Le leader algérien affronte la plus grosse crise de sa carrière de Président. La coalition qui le soutient devra désormais faire sans la participation du parti kabyle, le RCD.
Pressé de réagir, le pouvoir, visiblement débordé par l’ampleur de cette
insurrection populaire, s’est prononcé publiquement sur cette crise lundi soir, par la voix du président Bouteflika qui intervenait à la télévision publique. Ce n’est pas sous la pression des événements que le Président pouvait annoncer des avancées importantes en direction des revendications kabyles, et cette prise de parole ne pouvait les satisfaire immédiatement.
Il a néanmoins fait le choix de tirer au clair les responsabilités dans l’enchaînement des violences, par la nomination d’une commission d’enquête indépendante, composée de personnalités de la société civile.

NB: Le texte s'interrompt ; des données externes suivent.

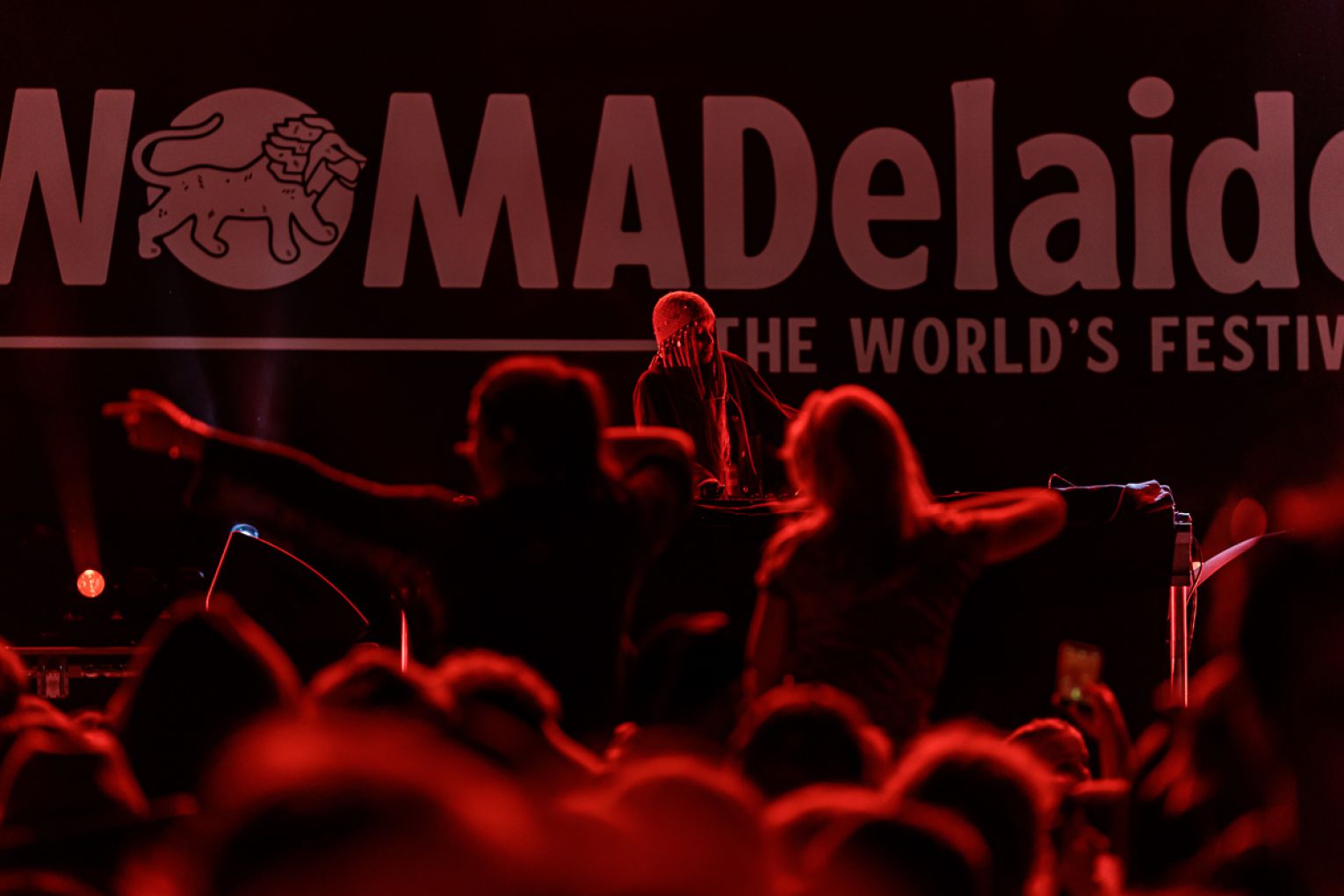 Megatronic – UK-born DJ Megane Quashie – had the dance floor pumping on Sunday night of WOMADelaide 2026. Photo: Ben Kelly.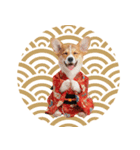 コーギー子犬のお正月スタンプ♡笑顔で2026（個別スタンプ：39）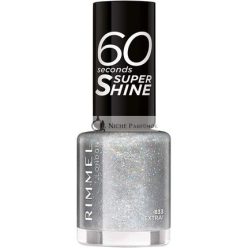   Rimmel 60 Másodperces Csillámos Körömlakk 833 Extra, 8 ml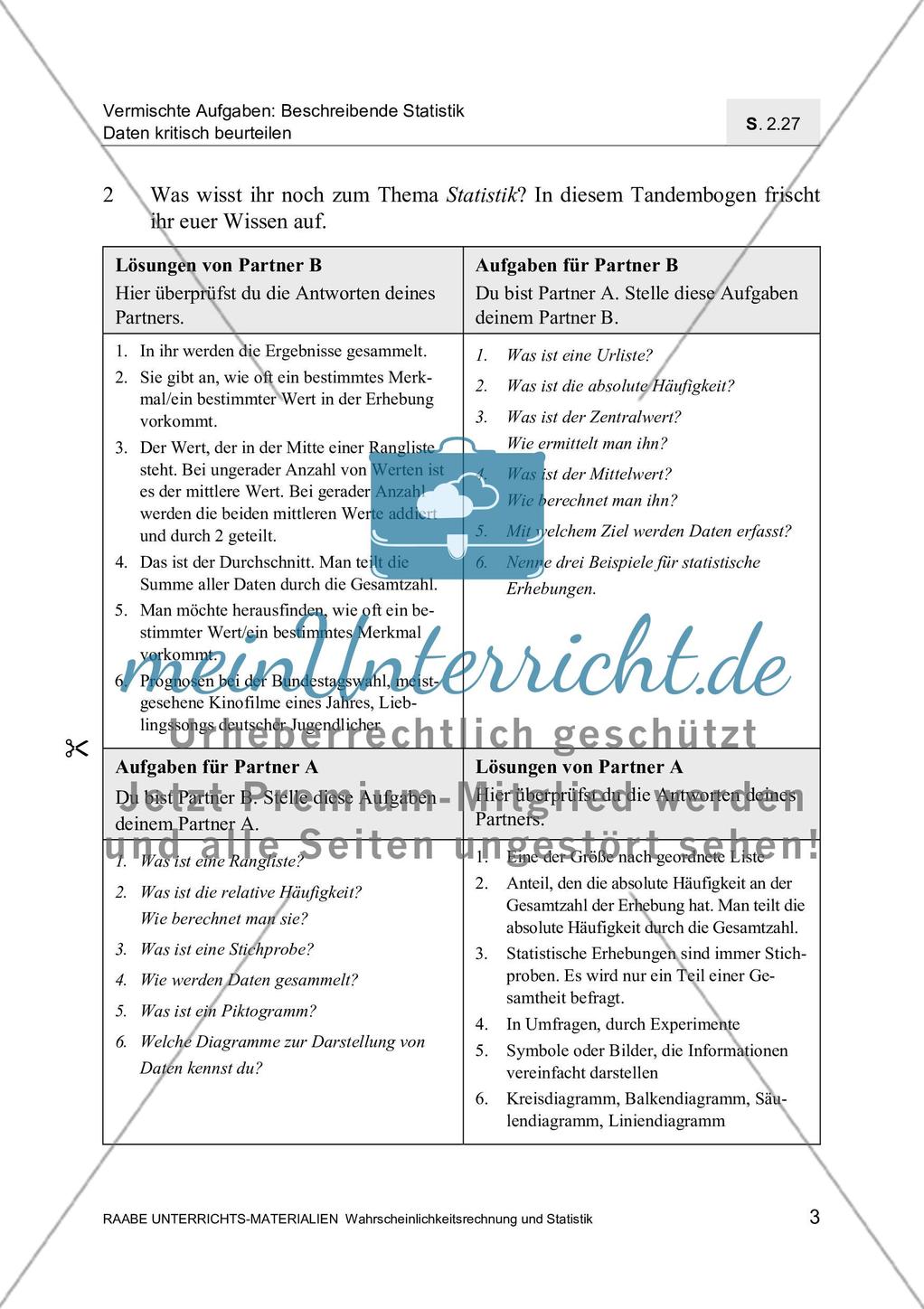 Professor Miller auf der Suche nach Statistikbetrügern - Daten kritisch beurteilen Preview 5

Ce sera à cette commission d’apprécier l’attitude de la force publique et les éventuels excès commis. Cette décision est une avancée. Sera-t-elle suffisante à calmer les impatiences de tous types qu’exprime la jeunesse soulevée ?
Le RCD sur le départ
On voit mal comment le RCD, parti très implanté en Kabylie et organisateur du 21e anniversaire du » Printemps Kabyle » (quand la région avait connu des émeutes semblables) aurait pu rester dans un gouvernement qui fait tirer sur ses électeurs. Or son départ renforce le déséquilibre de représentation au sein de l’exécutif. Et le sentiment de minorisation qui prévaut au sein de l’électorat kabyle.
Nombre d’observateurs de la scène politique algérienne notent que ce divorce entre RCD et pouvoir arrange les deux parties. Le RCD ne pouvant » plus justifier moralement » sa présence dans la coalition craint qu’à la faveur des émeutes son fief passe entièrement à son rival de toujours, le FFS d’Hocine Aït Ahmed. Le pouvoir, éternellement allergique à ce dernier, lâcherait la bride au RCD afin qu’il puisse reconquérir ses fiefs, se réservant l’option d’une nouvelle alliance une fois la crise terminée.

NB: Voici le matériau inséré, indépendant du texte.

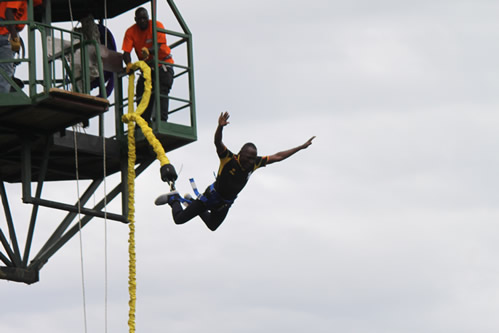 Bungee jumping Uganda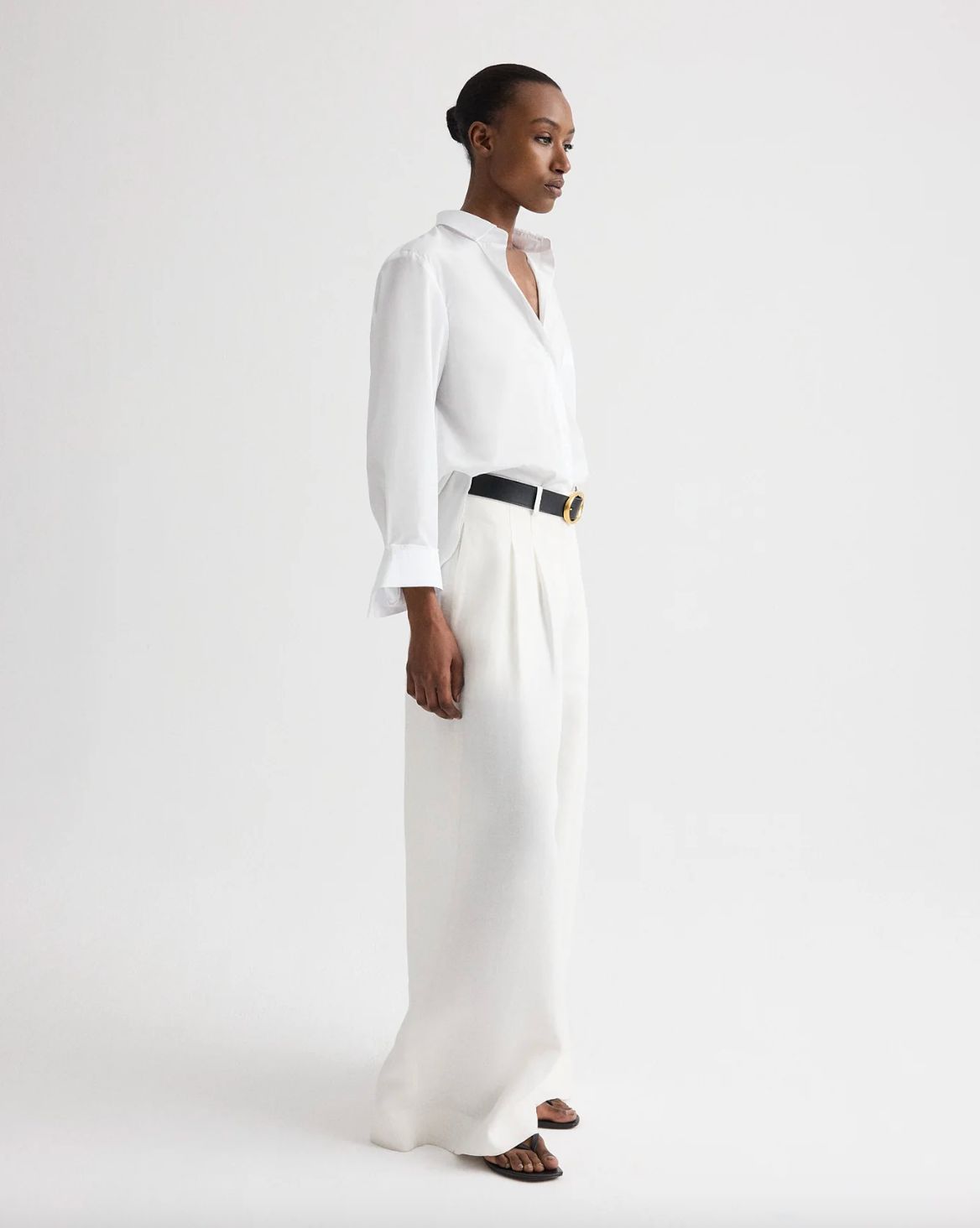 TWP Next Morning Shirt In White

Or au vu de la gravité de la situation en Kabylie, il se pourrait fort bien que ce genre de calculs politiques soient caducs. S’ils s’avéraient réels ils jetteraient une lumière crue sur l’incompréhension d’une crise qu’Alger n’a pas su prévenir, et qu’Abdelaziz Bouteflika aurait tort de minimiser. D’où son message de lundi soir, en forme de « je vous ai compris ».